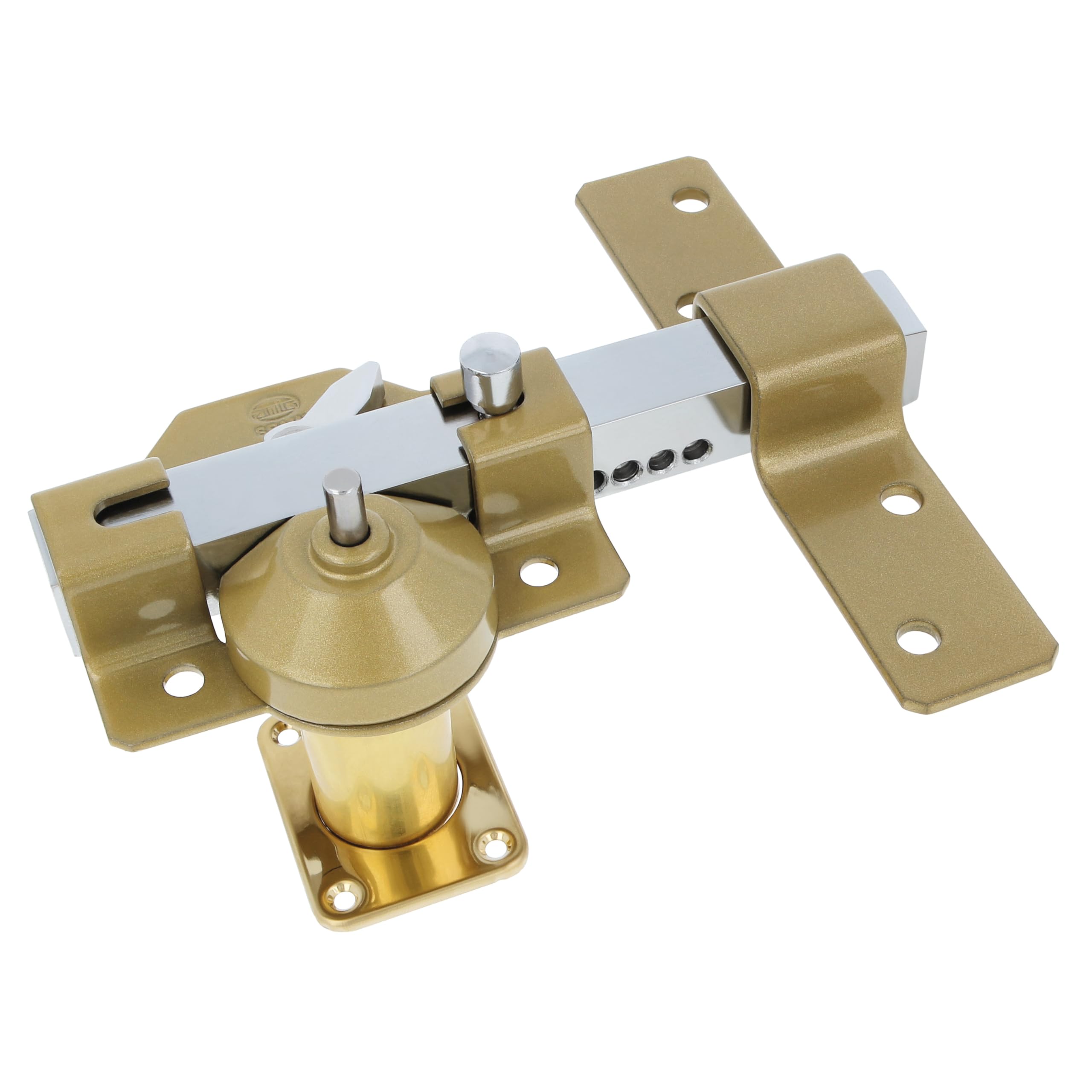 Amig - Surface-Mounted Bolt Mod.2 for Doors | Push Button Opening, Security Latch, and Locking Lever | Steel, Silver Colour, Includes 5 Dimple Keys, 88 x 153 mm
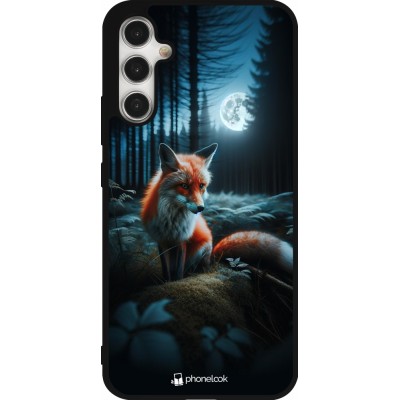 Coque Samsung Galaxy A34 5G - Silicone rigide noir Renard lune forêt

========

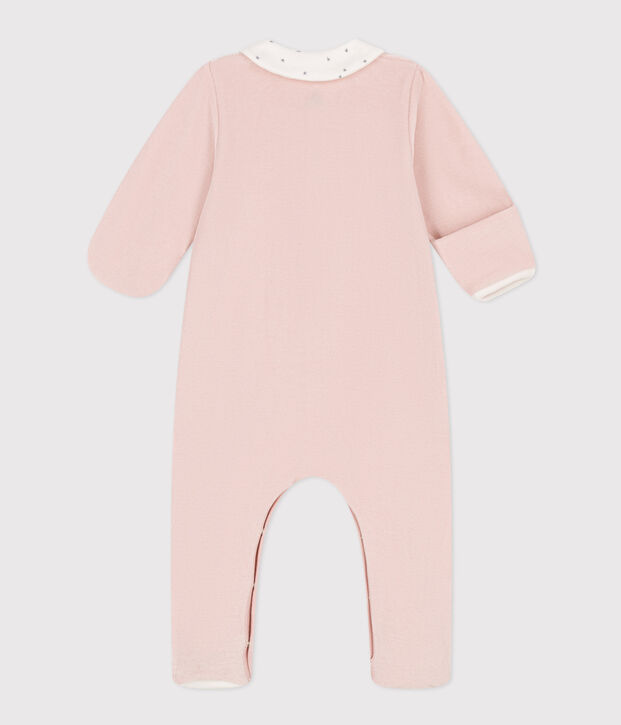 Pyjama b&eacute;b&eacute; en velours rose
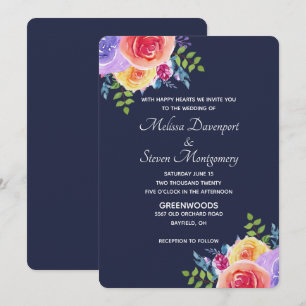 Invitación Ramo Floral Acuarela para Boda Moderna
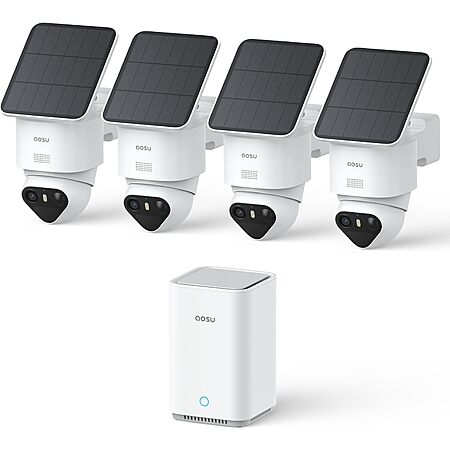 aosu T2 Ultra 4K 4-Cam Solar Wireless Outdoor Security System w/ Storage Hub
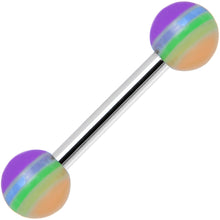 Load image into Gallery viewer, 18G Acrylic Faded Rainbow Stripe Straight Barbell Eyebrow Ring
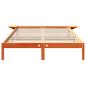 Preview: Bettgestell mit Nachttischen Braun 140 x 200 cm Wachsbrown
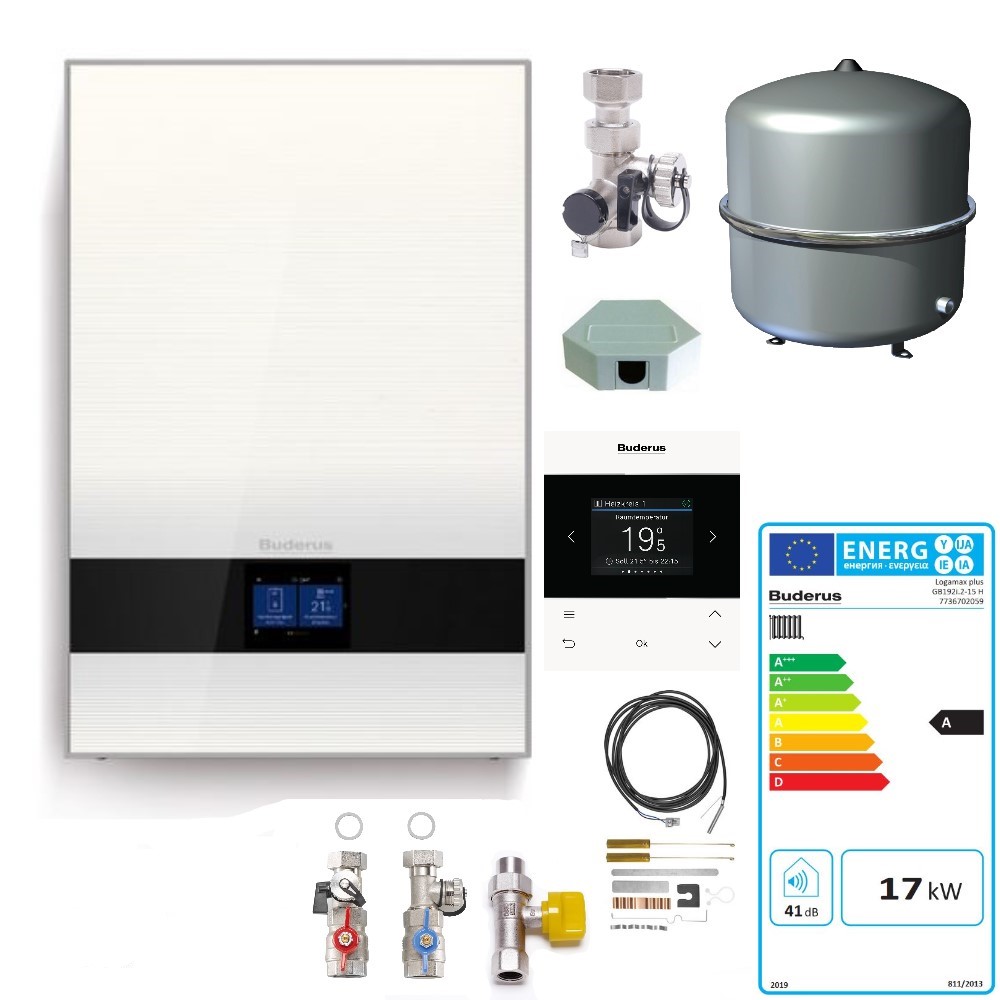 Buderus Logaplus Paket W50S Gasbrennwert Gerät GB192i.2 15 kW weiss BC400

========

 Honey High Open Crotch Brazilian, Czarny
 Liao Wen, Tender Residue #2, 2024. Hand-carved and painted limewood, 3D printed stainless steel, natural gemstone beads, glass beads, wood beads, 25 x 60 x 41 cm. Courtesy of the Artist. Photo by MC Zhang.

========

## [EXERCISE]
Could you repeat, exactly, only the lines above starting at the one that has "Amig - Surface-Mounted" and stopping after the one that has "Coque Samsung Galaxy", without the pictures?

## [COMPLETED EXERCISE]
 Amig - Surface-Mounted Bolt Mod.2 for Doors | Push Button Opening, Security Latch, and Locking Lever | Steel, Silver Colour, Includes 5 Dimple Keys, 88 x 153 mm
 Coque Samsung Galaxy A34 5G - Silicone rigide noir Renard lune forêt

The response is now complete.